Rosabelle Sinclair

Personal information
- Born: 1890 Russian Empire
- Died: 1981 (aged 90–91)

Sport
- School team: St Leonards School

= Rosabelle Sinclair =

Rosabelle Sinclair (1890 – 1981), known as the affectionately as the "Grand Dame of Lacrosse", established the first women's lacrosse team in the United States. She was the first woman to be inducted into the National Lacrosse Hall of Fame.

==Early life==
Sinclair was born in the Russian Empire in 1890 and educated in Philadelphia, before attending St Leonards School in St Andrews, where women's lacrosse had been introduced by Louisa Lumsden. Lumsden brought the game to Scotland in 1890 after watching a men's lacrosse game between the Canghuwaya Indians and the Montreal Lacrosse Club.

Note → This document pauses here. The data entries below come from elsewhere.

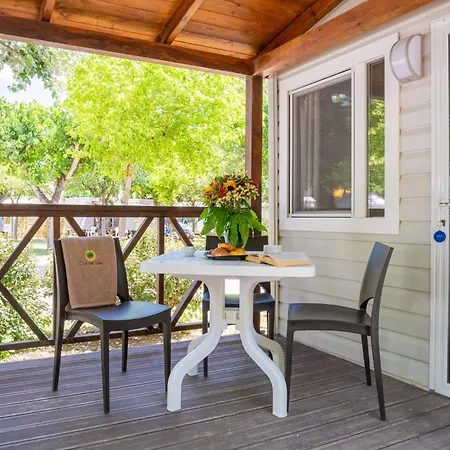 Club Del Sole Adriatico Easy Village Cervia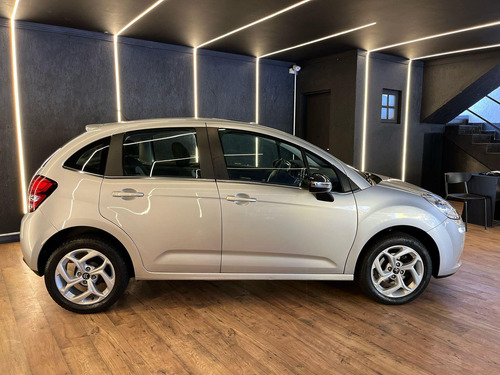 Citroën C3 1.6 VTI 120 FLEX EXCLUSIVE EAT6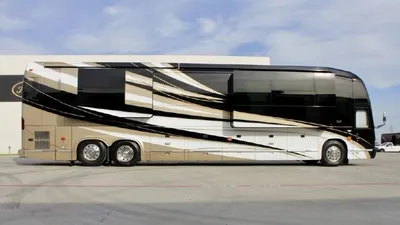 2019 Marathon Coach Marathon H345 QS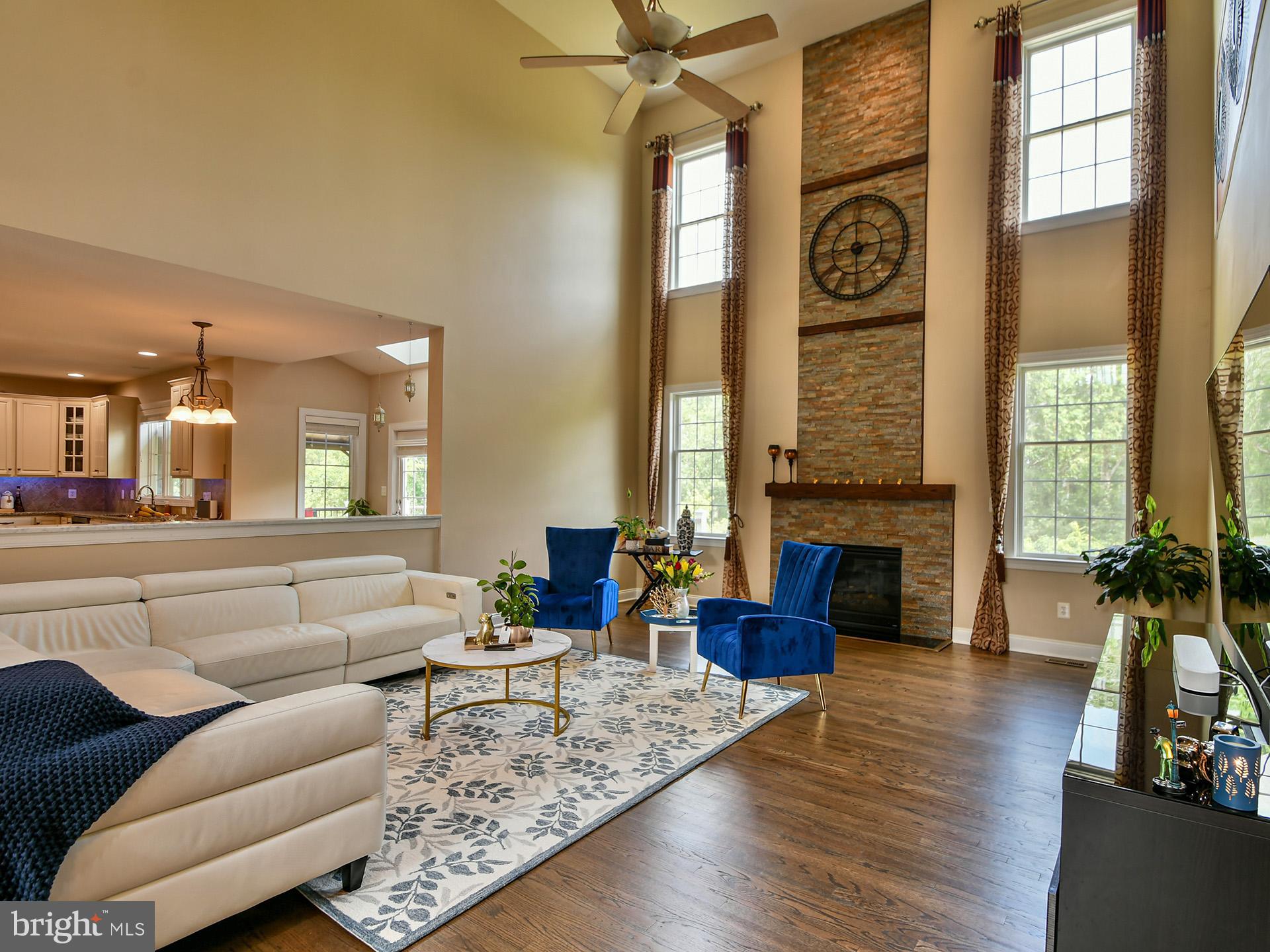 LOUDOUN VALLEY ESTATES 2 - Residential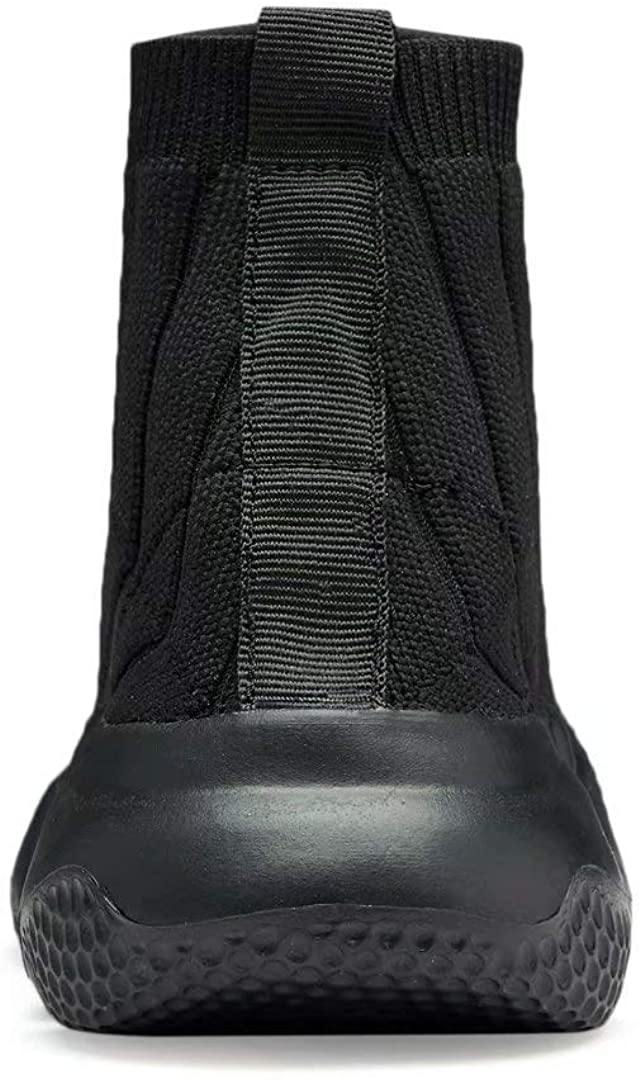 YAVY Kids Sock Sneakers for Boys and Girls Tennis Sock Shoes Lightweight Running Shoes Breathable Casual Sports Shoes - JOY2ESpree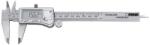 Fervi Дигитален шублер Fervi C033/200 - 200 mm, 0.01 mm (C033/200)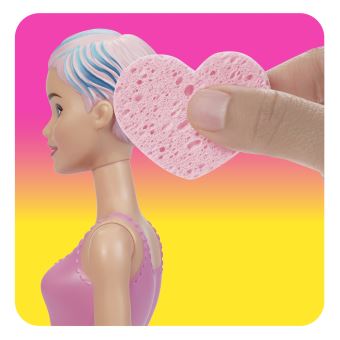 Poupée Barbie Color Reveal Modèle aléatoire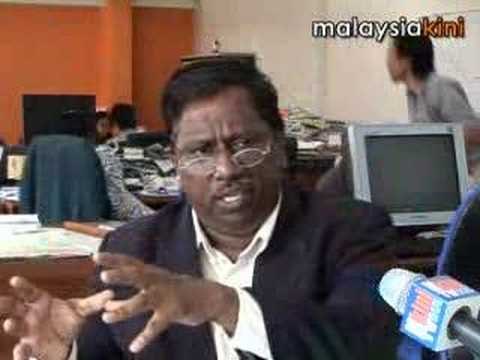 The woes of Penang and Gerakan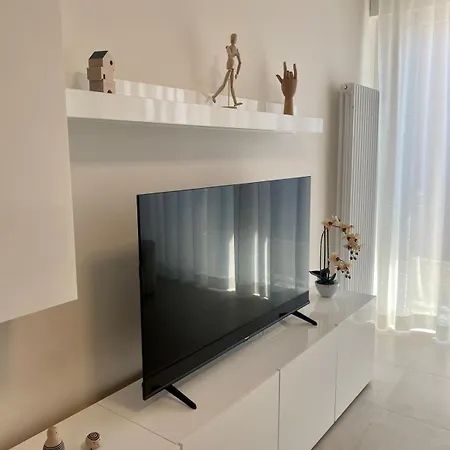 Luxury Centro 公寓 科内利亚诺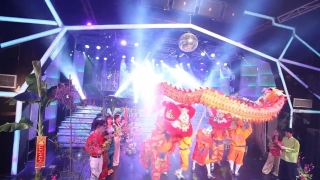 Tết Cổ Truyền - Khaly Nguyễn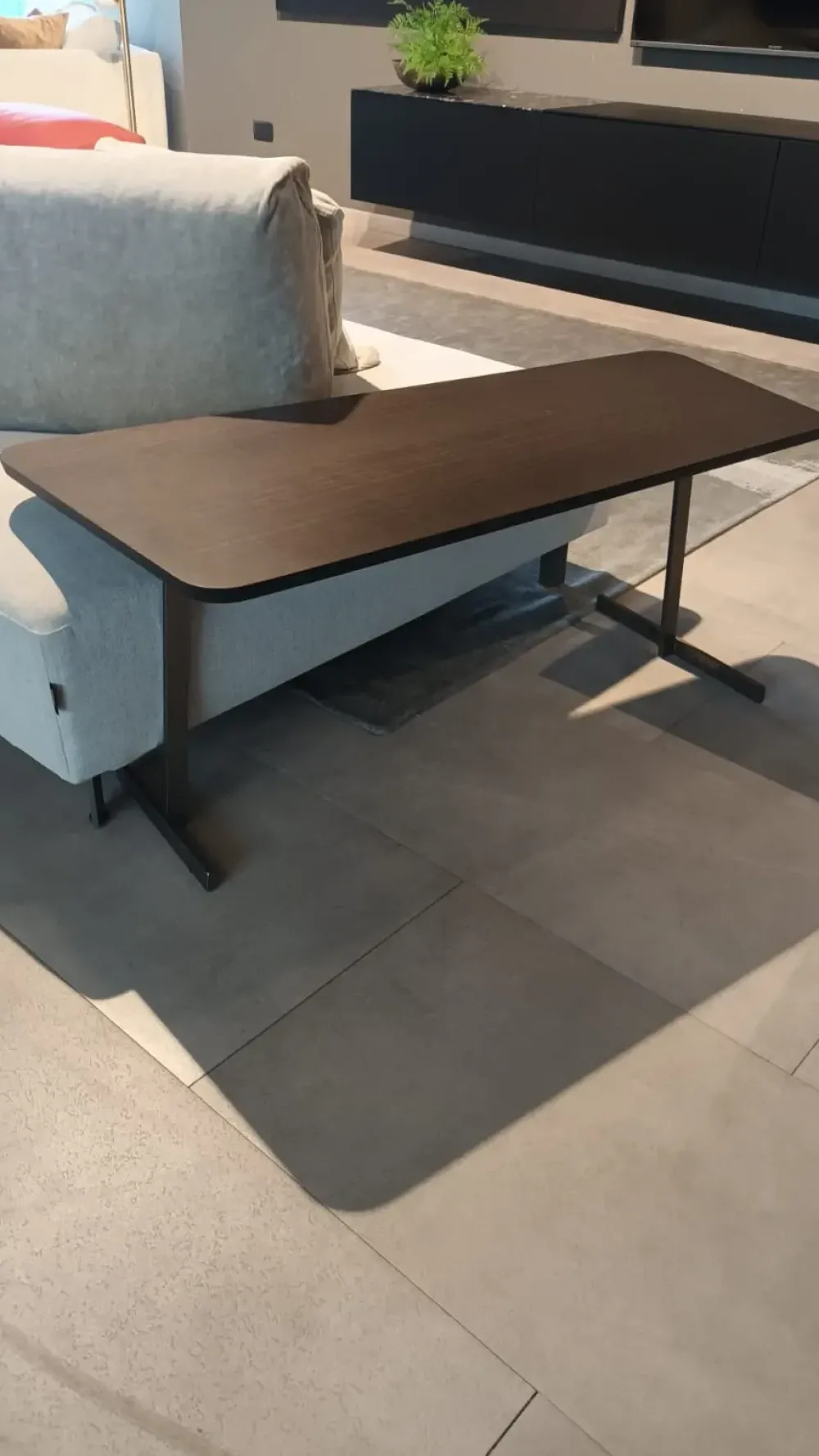 Tavolino modello Tavolino scrittoio kailua in OFFERTA OUTLET^Ditre Italia Clearance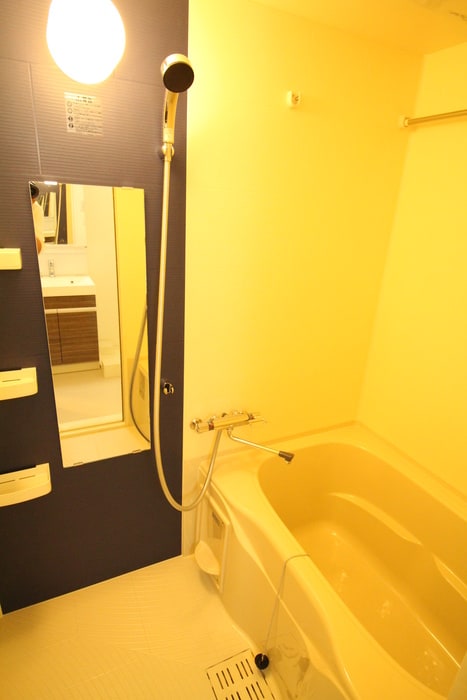 バス／シャワールーム等 BPRレジデンス江坂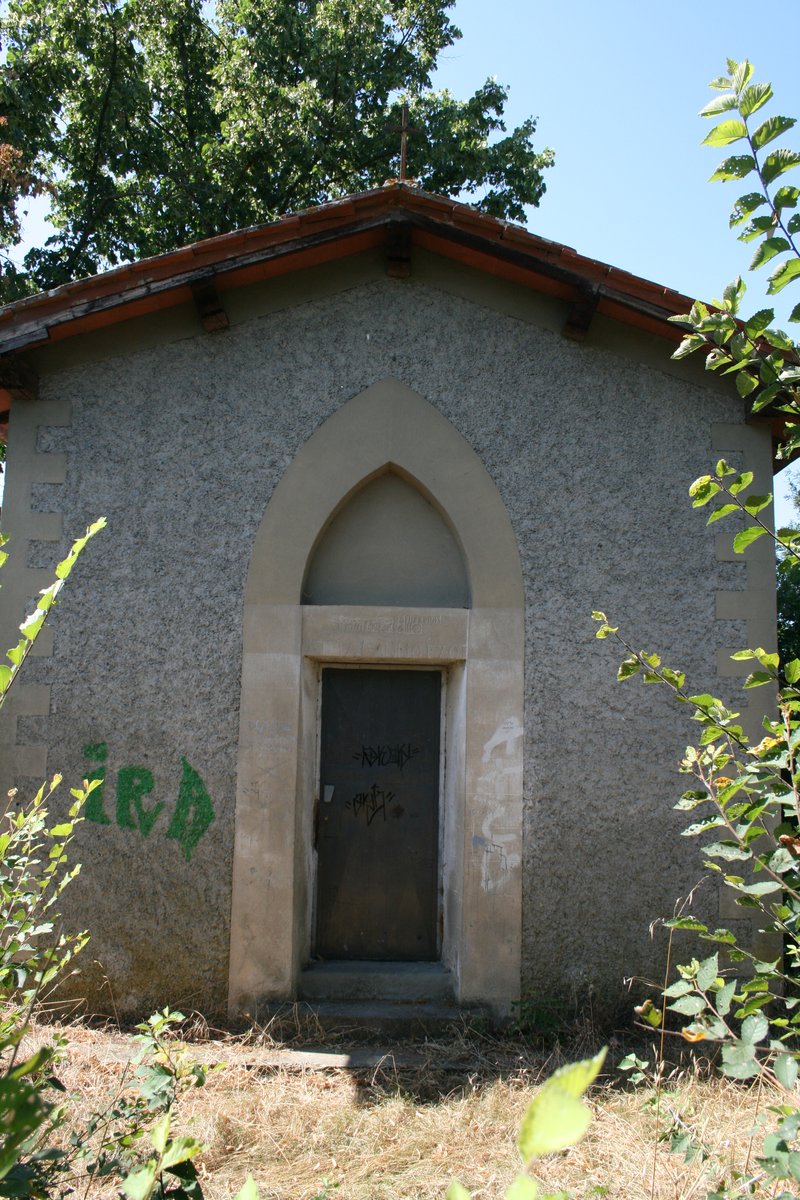 chiesa di Cennanino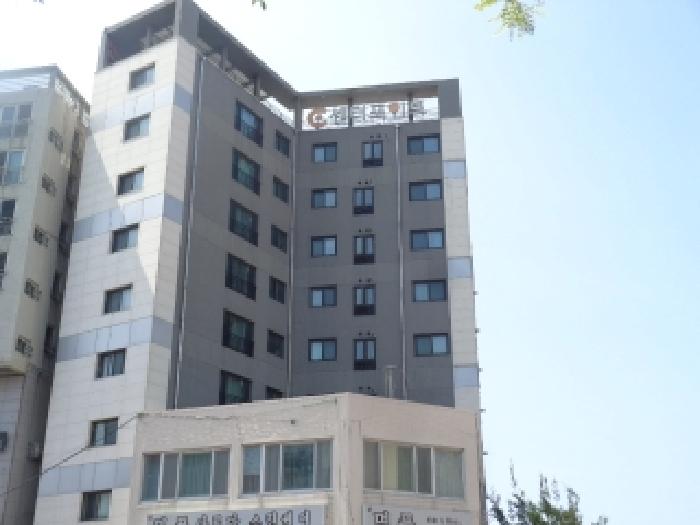 제주 제주시 삼도이동 오피스텔 경매 물건 사진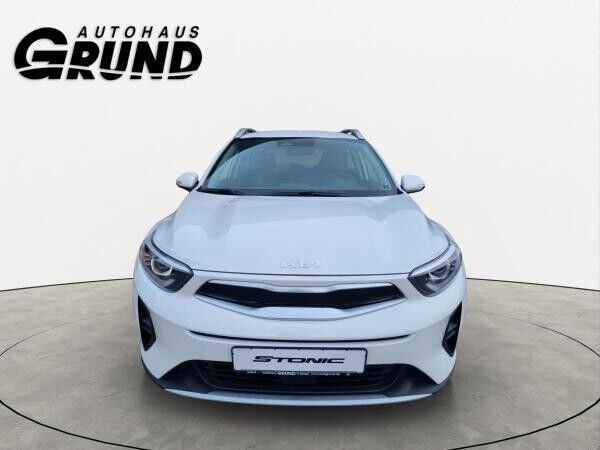Kia Stonic 1.2 VISION | NAVI | SHZ | KAMERA |
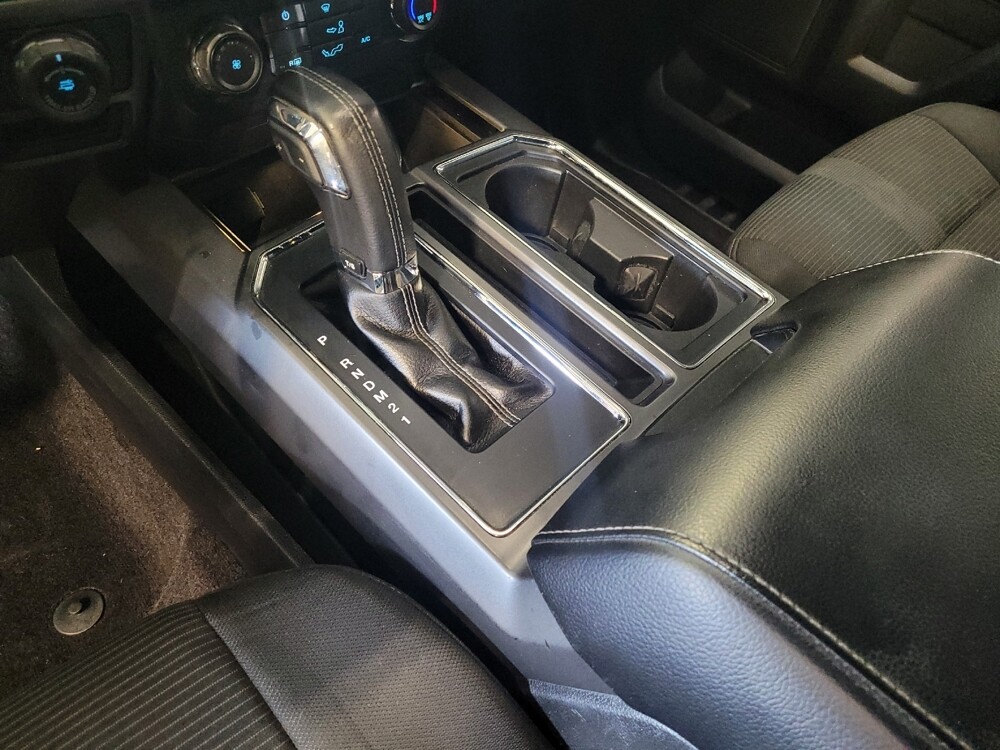 2016 Ford F150 in Kissimmee, FL 34744 - 18096440 26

After leaving St Leonards School in 1910, Sinclair attended Madame Bergman Österberg's College of Physical Training in Dartford, England, where she was a classmate of fellow lacrosse coach Cara Gascoigne. She then taught at an all-girls school in Yorkshire and in 1919 accepted a post at Chelsea Physical Training College. In 1922 she left for the United States.

==Lacrosse==
Sinclair arrived in the United States and taught gymnastics and games at Rosemary Hall School before becoming a physical education teacher at the Bryn Mawr School in Baltimore, Maryland. She introduced lacrosse to the all-girls school in 1926. She would continue teaching there and serve as Athletic Director from 1925 to 1951. Women's lacrosse differs greatly from the men's version, and with emphasis on stick skills and proficiency. Sinclair believed the game should be played with feminine refinement, stating:

"Lacrosse, as girls play it, is an orderly pastime that has little in common with the men's tribal warfare version except the long-handled racket or crosse that gives the sport its name, Its true that the object in both the men's and women's lacrosse is to send a ball through a goal by means of the racket, but whereas men resort to brute strength the women depend solely on skill."
— Rosabelle Sinclair

Sinclair's legacy remains as being responsible for the growth of women's lacrosse in the United States. In 1931, she helped form the United States Women's Lacrosse Association, which later was consolidated into US Lacrosse. Even after her retirement from the Bryn Mawr School, she remained involved in the development of women's lacrosse. In 1978, the Bryn Mawr School renamed their athletic fields in honor of Sinclair shortly before her death in 1981.